The first reading gives a brief description of two of these laws.
Remember that widows and orphans were the poorest of the poor. For a wife to have lost her husband and to have no son to care for her, meant she was on the streets with nothing.
And for children to loose their dad meant they too were on the streets; they were orphans with nothing.
The truth is that the way to love God above all else is to help those who have nothing, even the alien, the stranger, the impossible person, the one who bugs us.
Jesus says the same in the Gospel for this Sunday.
So, we need to ask ourselves...
Who in your life is the alien?
Who in your life is the widow or the orphan?

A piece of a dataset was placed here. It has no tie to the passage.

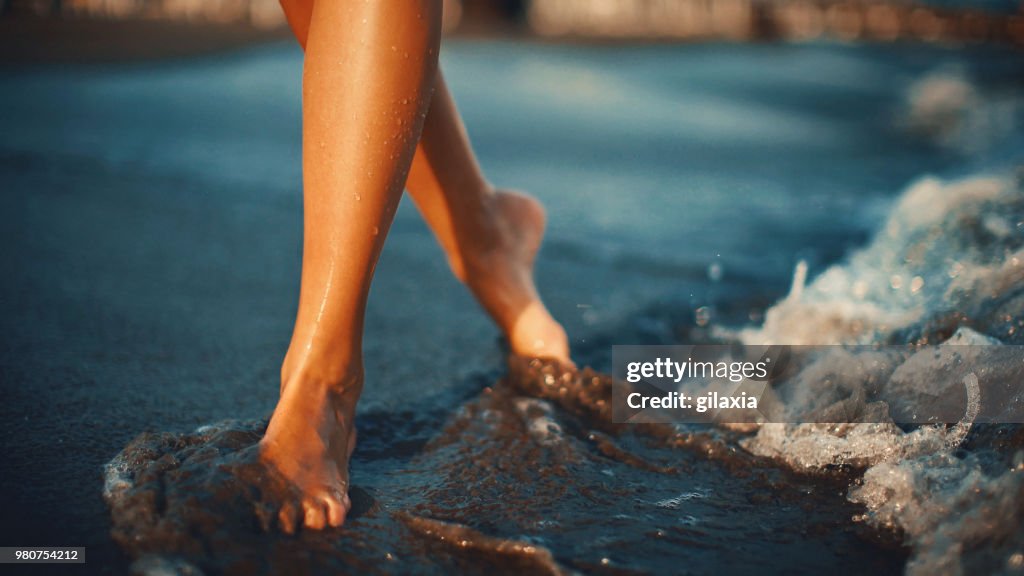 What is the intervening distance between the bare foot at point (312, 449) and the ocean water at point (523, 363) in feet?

Perhaps they are the spiritual widows and orphans
It is so easy to not recognize either of them in our own lives.
Look for them because they are all around us.

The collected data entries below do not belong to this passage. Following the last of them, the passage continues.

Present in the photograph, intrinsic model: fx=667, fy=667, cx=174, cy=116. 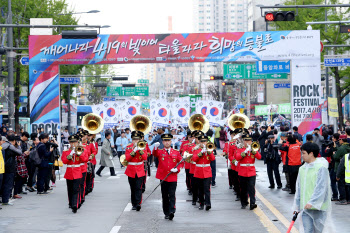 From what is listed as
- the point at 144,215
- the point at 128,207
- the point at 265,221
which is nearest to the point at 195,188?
the point at 128,207

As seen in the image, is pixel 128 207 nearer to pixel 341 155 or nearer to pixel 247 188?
pixel 247 188

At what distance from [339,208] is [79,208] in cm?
590

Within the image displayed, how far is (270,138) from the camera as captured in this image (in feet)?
63.3

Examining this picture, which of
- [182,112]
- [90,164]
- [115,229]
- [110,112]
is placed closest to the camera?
[115,229]

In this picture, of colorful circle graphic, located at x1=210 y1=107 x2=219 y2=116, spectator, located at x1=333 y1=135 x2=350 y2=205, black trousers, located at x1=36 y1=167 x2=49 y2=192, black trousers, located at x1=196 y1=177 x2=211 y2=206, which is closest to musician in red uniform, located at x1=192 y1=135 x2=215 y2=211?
black trousers, located at x1=196 y1=177 x2=211 y2=206

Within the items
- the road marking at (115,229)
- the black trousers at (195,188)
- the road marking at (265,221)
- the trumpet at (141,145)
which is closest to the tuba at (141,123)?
the black trousers at (195,188)

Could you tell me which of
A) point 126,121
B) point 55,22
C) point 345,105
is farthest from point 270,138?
point 345,105

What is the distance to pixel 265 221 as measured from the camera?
12867 millimetres

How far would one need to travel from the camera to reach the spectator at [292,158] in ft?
57.9

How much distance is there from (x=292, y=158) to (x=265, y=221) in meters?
5.09

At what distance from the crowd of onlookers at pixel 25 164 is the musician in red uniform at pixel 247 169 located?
540 cm

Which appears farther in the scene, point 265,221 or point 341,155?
point 341,155

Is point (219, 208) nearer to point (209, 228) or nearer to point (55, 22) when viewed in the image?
point (209, 228)

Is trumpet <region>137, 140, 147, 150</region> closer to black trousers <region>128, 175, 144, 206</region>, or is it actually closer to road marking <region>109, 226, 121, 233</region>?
black trousers <region>128, 175, 144, 206</region> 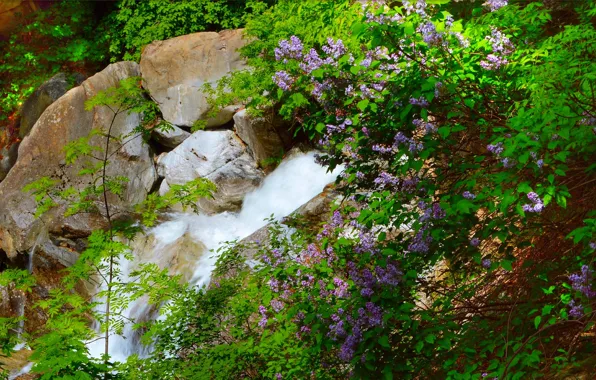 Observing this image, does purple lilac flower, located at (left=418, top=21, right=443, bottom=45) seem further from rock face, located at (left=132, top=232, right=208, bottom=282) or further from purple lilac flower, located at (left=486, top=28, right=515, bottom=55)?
rock face, located at (left=132, top=232, right=208, bottom=282)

The person that at times we do not like.
The person that causes us difficulties.
The person we don't agree with.
The person we don't want to go out of my way for.
The person with a sign as we leave the freeway.
Etc.
Does God really want me to treat them as I treat myself?

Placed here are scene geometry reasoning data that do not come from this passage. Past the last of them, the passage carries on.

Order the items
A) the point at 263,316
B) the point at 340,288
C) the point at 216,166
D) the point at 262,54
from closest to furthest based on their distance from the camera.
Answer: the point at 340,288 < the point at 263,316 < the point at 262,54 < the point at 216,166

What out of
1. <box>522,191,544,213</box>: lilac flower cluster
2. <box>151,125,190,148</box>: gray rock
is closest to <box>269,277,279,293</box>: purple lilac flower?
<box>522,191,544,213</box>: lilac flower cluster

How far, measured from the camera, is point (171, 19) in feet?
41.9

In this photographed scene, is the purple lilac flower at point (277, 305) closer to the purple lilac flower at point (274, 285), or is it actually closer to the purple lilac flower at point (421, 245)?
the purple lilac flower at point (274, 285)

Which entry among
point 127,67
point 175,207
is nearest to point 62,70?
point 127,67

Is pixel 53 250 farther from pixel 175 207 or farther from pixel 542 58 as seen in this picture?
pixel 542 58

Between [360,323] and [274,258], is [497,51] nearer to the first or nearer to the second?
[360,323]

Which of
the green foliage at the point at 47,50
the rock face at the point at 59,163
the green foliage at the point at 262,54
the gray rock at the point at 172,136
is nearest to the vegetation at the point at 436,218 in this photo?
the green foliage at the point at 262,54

Does God really expect me to go out of my way or to love them?
Deep down we really do know the answer to those questions
Christ found the widow and the orphan in all he encountered, even the enemy; even the ones who caused Him pain and death.
At our baptism we were each called by God to be the body of Christ present in the today's world.
We are to make Christ present to all we encounter in the world, and that means we need to continue to pray to fulfill being able to love God above all else; more than our possessions, our money, our vacation, our car, our home, etc. and to love the other, our spiritual orphans and widows, in other words to love all we encounter.
In Paul's letter, he praises the Thessalonians that they received the Good News and turned from their idols.
The Thessalonian Christian Community had begun to fulfill what Jesus was talking about, as we hear in the Gospel reading of this day..
At times, if we are honest with ourselves, we neither love God above all, nor do we love others as ourselves.
It is important not to escape recognizing this.
It is important not to make excuses.
The truth is that we are called to love God above all and we do this by loving the other.
The two go together.
When we discover we can't do this or we won't do this, we can ask God to continue to work on us and change our hearts but...
But if we make excuses, or say that it is impossible; then we will never let God into our hearts and change us.
The first step, is not to panic, but to ask for the grace to change, and to never, never, give up.
God will never give up on us!
He calls us again and again!
The devil, the evil one, always tries to convince us
that we will never change!
What a lie!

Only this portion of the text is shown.